Sí. Trae un arma artillada como accesorio del helicóptero, con artilleros certificados. Cada artillero tiene que pasar una serie de pruebas y ser certificado, incluso en el Departamento de Defensa de Estados Unidos. Y la utilización del arma tiene un protocolo. No se dispara en zonas urbanas, no se dispara de manera directa, hay tiros de advertencia. Se usa en situaciones de extremo riesgo para la ciudadanía. Hay un protocolo escrito y documentado con el que operan. (En este caso) Se aplicó el protocolo. El helicóptero recibió disparos y están certificados por el MP: recibió tres impactos en el alerón trasero y uno cerca del rotor.

Usted ha calificado esta acción como una operación policiaca exitosa, en la que se abatieron a presuntos criminales ¿qué opina de los cuestionamientos que se hacen ahora?

Trato de ser objetivo. En la policía estamos sujetos a este tipo de cosas, pero lo que nos hace superar esos comentarios es el trabajo y los resultados. Aquí no está en duda que las personas que perdieron la vida, y es lamentable, eran delincuentes que no se tentaron el corazón para dispararle a la policía, y en este caso la verdad irá surgiendo, aquí no hay algún abuso de la policía que se nos pueda señalar. Estamos siendo puestos a prueba y vamos a pasarla.

Ha dicho que no hubo algún abuso, que no se trató de una masacre, de una matanza, ¿lo sigue sosteniendo categóricamente?

Sí, lo sigo sosteniendo.

¿Sabe que detrás de ese aval está su cargo dentro de la corporación, su prestigio personal?

Y mi carrera.

¿Y pone su carrera sobre la mesa para defenderlo?

Claro, sin lugar a duda. Estuve en el lugar de los hechos, he platicado con los policías, ya declararon ante el Ministerio Público 41 policías federales, ya sometieron a prueba las armas de los policías federales; y con mi conocimiento de criminalística de campo puedo decir cómo fueron más o menos la mecánica de los hechos, de las lesiones y hay hechos irrefutables, el número de armas, que todas fueron disparadas, que todos dispararon, ante todo eso la pregunta es ¿qué tendríamos que haber hecho? No dejaron de disparar, no dejaron las armas, no se rindieron.

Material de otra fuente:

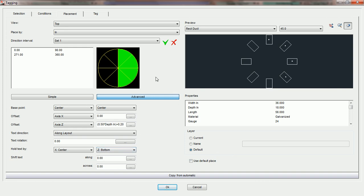After you have chosen all of your position parameters in the placement tab, you're going to want to utilize the layer choice.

Somos la autoridad, creo que estamos acostumbrados a cuestionar a la autoridad y no cuestionar a la delincuencia, parece que la delincuencia debería tener las ventajas. Creo que nuestros resultados y el profesionalismo que hoy tiene la Policía Federal nos permite afirmar que sabemos usar los protocolos en estos casos sea el resultado como sea.

Entonces, ¿cree usted que quien busque una masacre en estos hechos no la va a encontrar?

No la va encontrar. No fue el proceder de la policía, no son sus protocolos, al contrario, incluso a los tres detenidos les prestamos primeros auxilios, había uno lesionado por arma, que se le atendió y se le llevó al médico. La forma de pensar y de actuar de la policía es en beneficio de todos los ciudadanos.